By Preston Fassel

I’ve talked before about some of my initial travails with glasses: I went undiagnosed with myopia for several years. When I finally did get an Rx (at age 13), it was from a doctor’s office that largely catered to older-ish patients in my small-ish town, meaning I spent my middle and high school years wearing glasses that looked ripped from an extra in “Boogie Nights.” The result was… well, I didn’t do any dating until I was out of high school and had graduated to horn rims, let’s put it that way. I did have one thing working in my favor, though: a magic little lens called Splitz. Splitz was a short-lived Transitions product that, rather than being clear indoors, were a fashion tint that turned into a sun tint in the presence of UV. So you had a Blue #2 turn to a G-15, yellow become brown, etc. They were a godsend. They were cool looking, functional (the tints were very soothing under harsh industrial fluorescents) and fun. Unfortunately, somewhere along the way, Transitions discontinued the product, and it’s now the stuff of legend.
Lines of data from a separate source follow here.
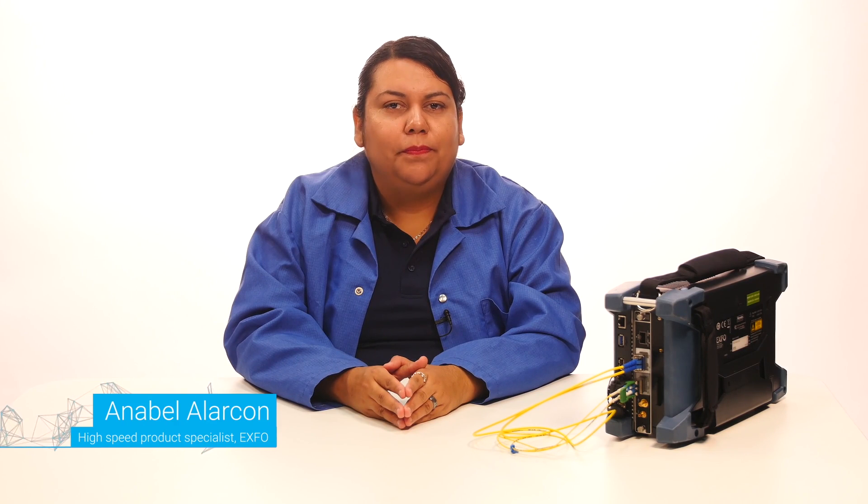Hi, my name is Annabel Alarcón, High Speed Broadband Specialist at EXFO. In this video, I'm going to show you how to configure and run a simple EtherBERT test.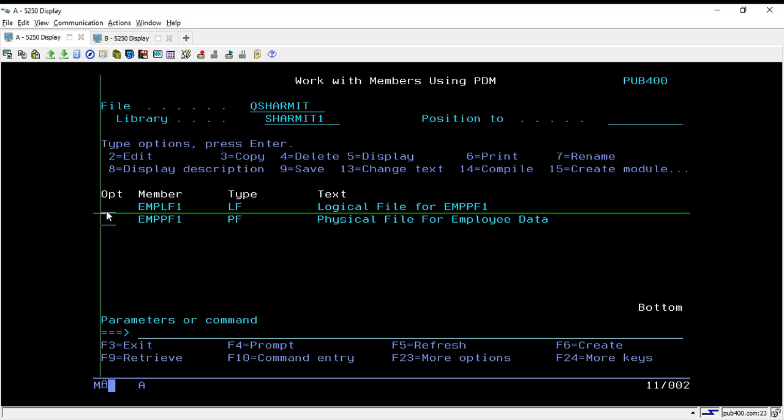In our upcoming session we will discuss the logical file concept with omit criteria — how to omit records from the physical file. That's all for this session. In the upcoming session we will learn a few more things, so thank you for watching Texture Myth.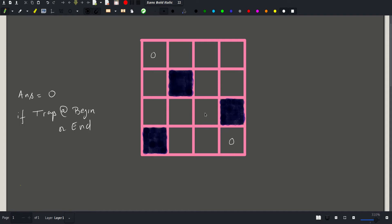Now that we've ensured our starting and finishing squares do not contain traps, let's think about what it means to reach a certain square. If you are at a given position, there are only two possible squares you could have come from — the one to its left and the one above it — because you can only move right or down. So the number of ways to reach this square equals the number of ways to reach the square to its left plus the number of ways to reach the square above it.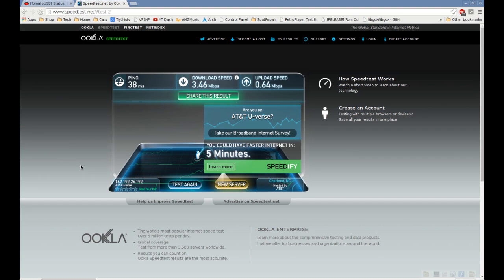Today we're going to be doing something you've requested a lot at TryThisTV: setting a hard bandwidth cap for a specific device on your network. In DD-WRT I haven't found any good way to do this, but in Tomato it's surprisingly easy.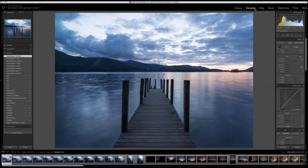We've got the image in front of us — a fairly standard image of Ash Nest jetty in Derwent Water — and we've got the white balance set to 'As Shot' on the right-hand side.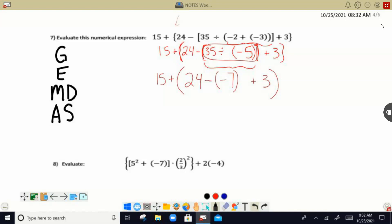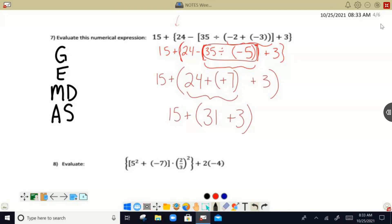Now, I have this one number. I still have grouping symbols around the plus 3 and the 24 minus over here. So I want to keep those grouping symbols and copy everything down: 24 minus negative 7 plus 3. I have to review the rules for integer operations. When I'm subtracting, I want to change that into an addition problem by changing the subtraction to addition and taking the opposite of negative 7, which is positive 7. So this is really 24 plus 7, which is positive 31, plus 3. Adding those together, our final answer is 49.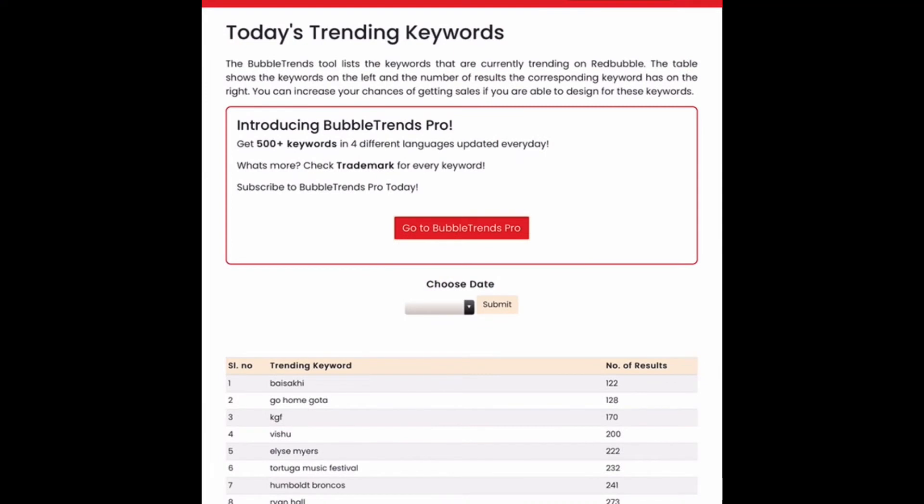Hello everyone! I thought today we'd do a quick trending tags video for popular keywords on Redbubble at the moment. As always, I'm using the website called Bubble Trends. It is a free tool. All you have to do is sign up with your email and then you can check on trending keywords whenever you like.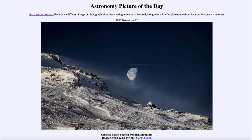So that was our picture of the day for November 12th of 2023, titled 'Gibbous Moon Beyond Swedish Mountains.' We'll be back again tomorrow for the next picture, which is previewed to be 'Galaxy Mountain,' so we'll see what that's about tomorrow. Until then, have a great day everyone, and I will see you in class.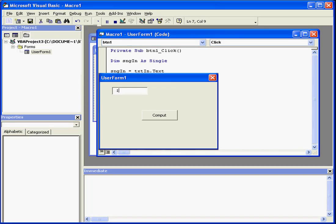Let's run the program. I'm going to input a value of 1.3 and press Compute. I get a return value with the natural logarithm of the argument we inputted here.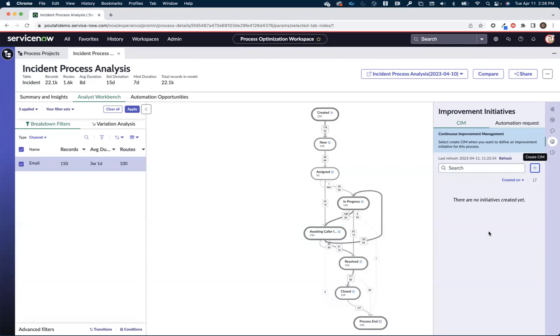This was just a real quick introduction to some of the power and some of the flexibility that process optimization offers to help you start digging into your given processes on the ServiceNow platform and identify inefficiencies and improvement opportunities.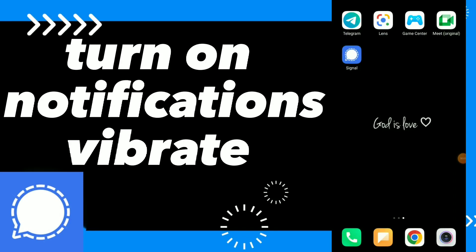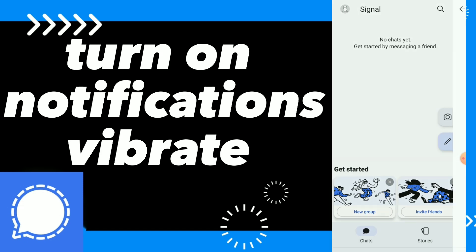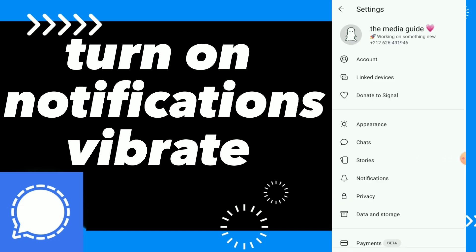In this video I will show you how to turn on notification vibrate, easy and quick. First, go to your Signal app and click on your profile.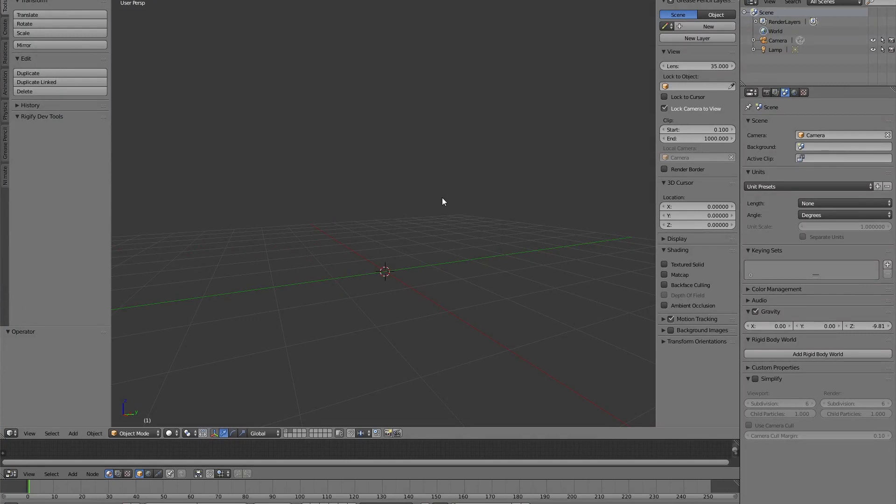Hello guys, this is Stefano from SotoZen.com and in this very quick tutorial I will show you how to make a Pac-Man and animate it using Blender.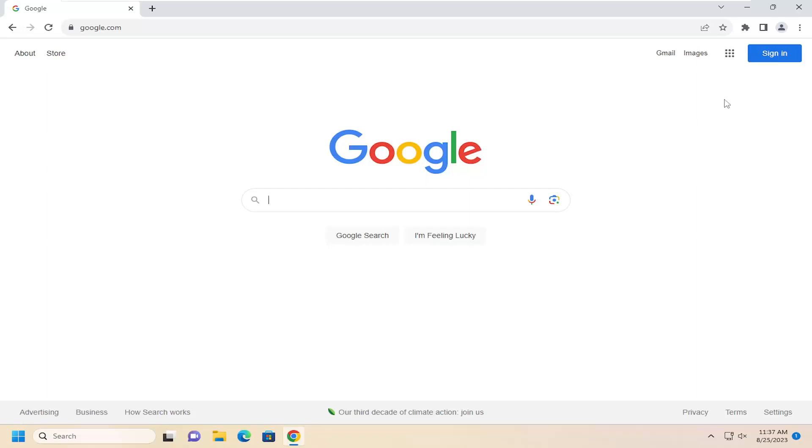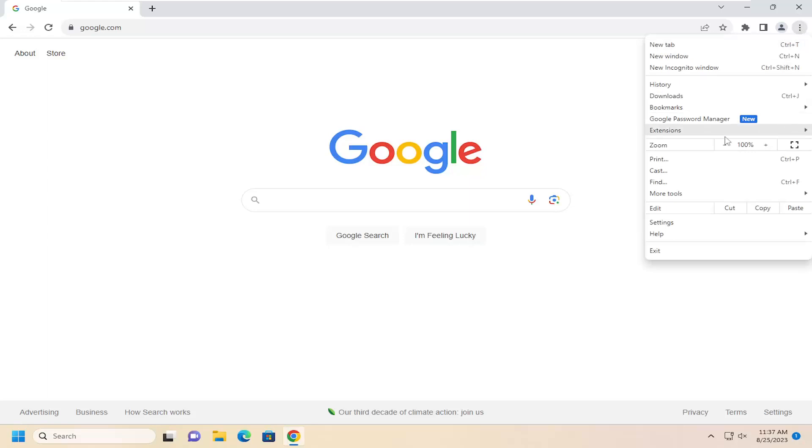All you have to do is select the three-dotted icon up at the top right corner of the browser window. Just go ahead and left-click on that, and then you want to go down and select Settings.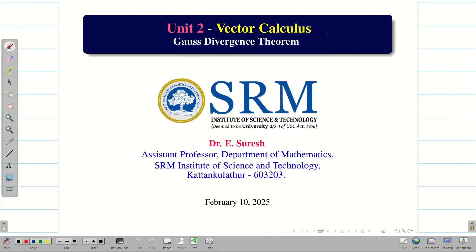Dear student, welcome to the problem solving session on Gauss Divergence Theorem. In this session, we are going to verify Gauss Divergence Theorem for a given problem. Let us go into the problem.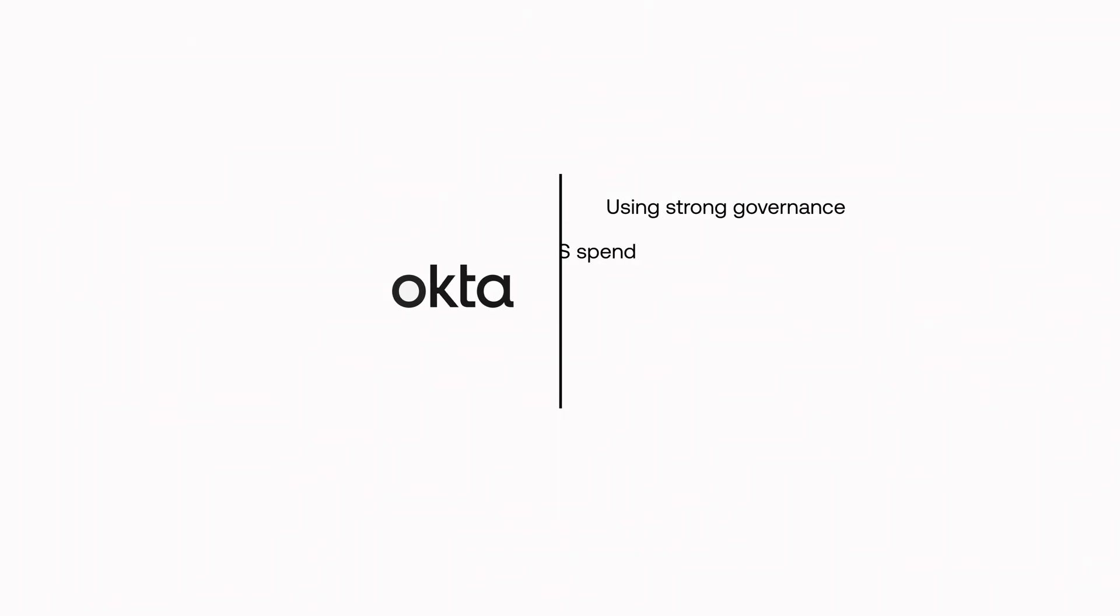With Okta's workflows and integration network of over 7,000 applications, it's easy to automate the provisioning and deprovisioning of users to applications as they are on and off-boarded.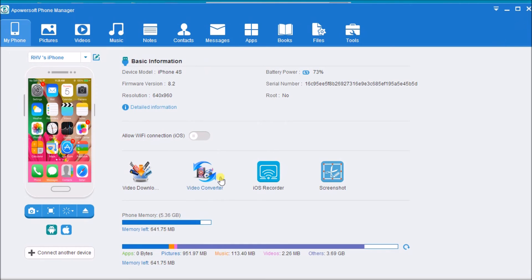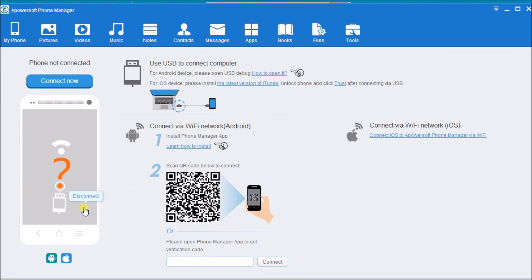Once finished, simply click the disconnect button to disconnect the iPhone. That is how you can easily screenshot iPhone on PC. Thank you for watching.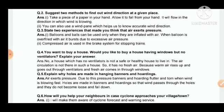Those are the two experiences that made us think that air exerts pressure. Question four: would you like to buy a house having windows but no ventilators? Explain your answer.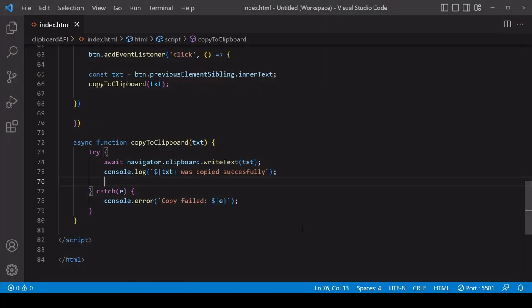That is it for this tutorial on copying to the clipboard using the clipboard API. I hope you found this tutorial useful. If you did, please consider hitting the like button down below this video. It helps with the algorithm and others to find this video. If you'd like to see more content like this from us in the future, don't forget you can subscribe to the channel.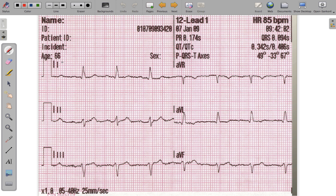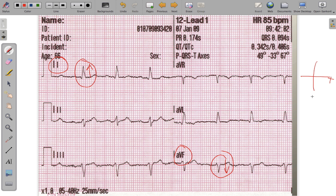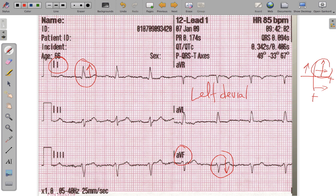In the second example, lead 1 is predominantly upright and lead AVF is inverted. Using the quadrant grid: an upright lead 1 means traveling toward the left arm; a negative AVF means traveling upward. Their overlap falls in the left-axis deviation quadrant. The EKG machine confirms this with a calculated axis of negative 33°, consistent with left-axis deviation.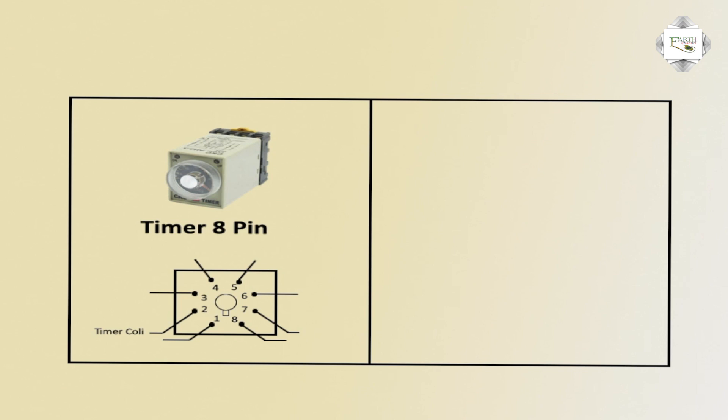Timer coil A1, A2 input 1, NO normally open or NC normally close. Means timer off to line NC normally close. Timer on to line normally open.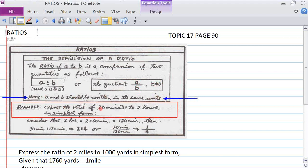Another important thing is that a and b should be written in the same units. For example, to express the ratio of 30 minutes to two hours, we convert two hours to 120 minutes — two times 60 minutes. Then the ratio is 30 to 120, which reduces to 1 to 4, the same as 30 over 120 equals one over four.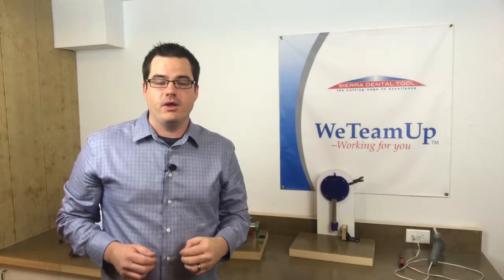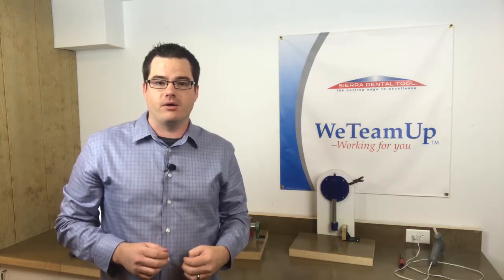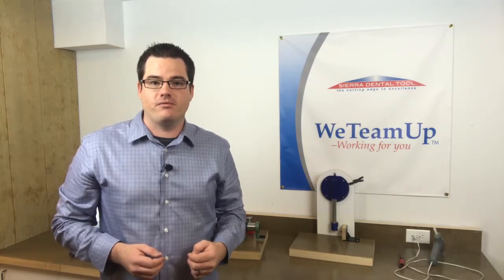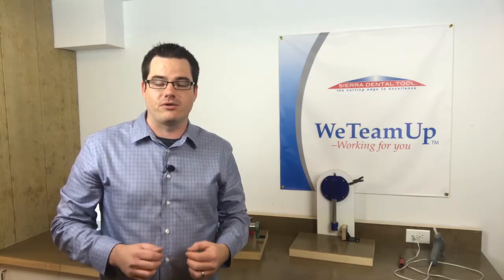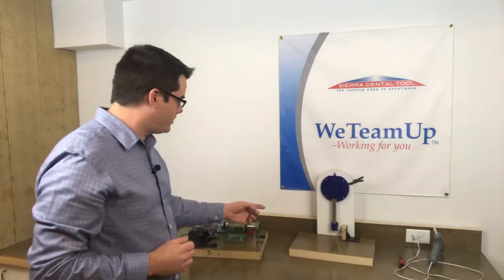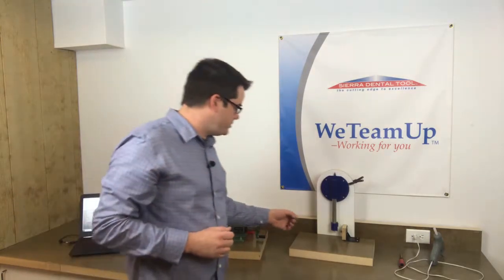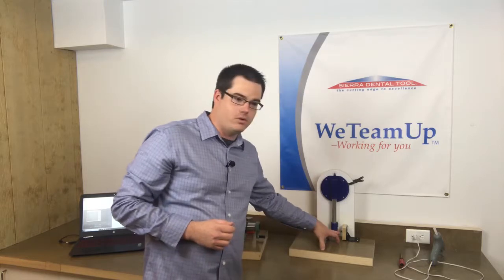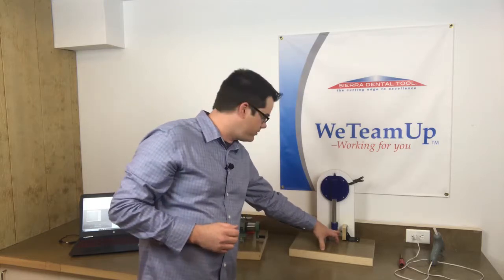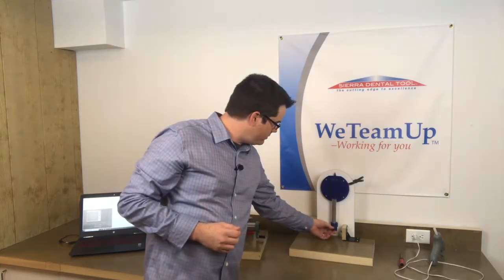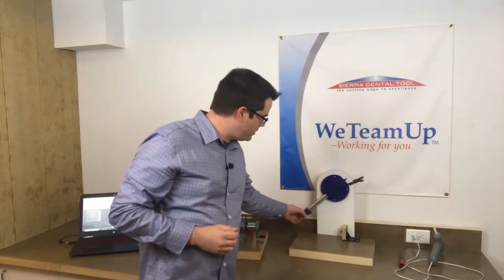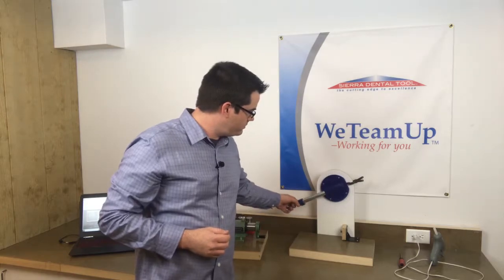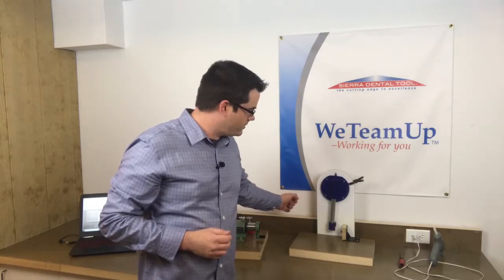For the first test we're gonna simulate a tool impact into a brass tool holder. A lot of CAD cam milling machines have brass tool holders—it's fairly common to damage a tool when you're installing it if you're not paying attention. So we've got the tool mocked up in the pendulum and I've got a brass tool holder set up as an impactor. Let's go ahead and do the test. There's the impact.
Thanks to Zeiss though, we’re one step closer to having that experience back. The introduction of PhotoFusion revived the self-tinting lens market. These lenses offer a genuine improvement in comfort for wearers, and give you a great selling point for optical consultations. I’ve spoken about how pleased I was with their red-hued brown. For those in want of something a little more fashion-forward or who want to jazz up their wardrobe, Zeiss has debuted a new color to their lineup—with emphasis on the color.


PhotoFusion blue is the first photochromic that I know of that gives wearers clear lenses indoors and sapphire blue lenses outside. While I was skeptical at first, I soon found out the lenses have many benefits, including twice the blue light protection of standard clear lenses indoors. They’re incredibly clear indoors, with little to no residual color, providing wearers with the opportunity to surprise their friends when they see the lenses activate for the first time. When they do activate, it’s quick (to 16 percent transmission in 30 seconds or less), and the density of the blue was amazingly comfortable in the sun, offering 60 percent blue light protection, glare reduction and full UV protection up to 400 nm. The transition back to clear is quick, too. PhotoFusion technology uses patented photo-active molecules that respond more efficiently to light energy, fading up to two times faster than other photochromic lenses (to 70 percent transmission in 3 to 8 minutes).

While I probably wouldn’t wear them for a day at the beach, they were very soothing for lounging on my porch and in my backyard. These would be the perfect lenses for some sort of outdoor social occasion, where you’re not in constant unobstructed sunlight, and the color makes a great conversation piece. (For people with less light-sensitive eyes, they may be a fun “anywhere” option). Bonus: If you put them in a round tortoiseshell frame, as Zeiss’ Carolyn Bosworth (who provided the lenses) helpfully suggested, you too can pretend you’re Steve McQueen in “The Thomas Crown Affair.”

With photochromics finally taking their rightful place as a recognized requested lens option, the time has come for manufacturers and practices to diversify their selection, stand out from the crowd and begin providing patients with a wider variety of options to suit their needs. Zeiss’ blue PhotoFusion is the first volley in a new age of photochromics that offer patients as many options in their lens color as they have in frames.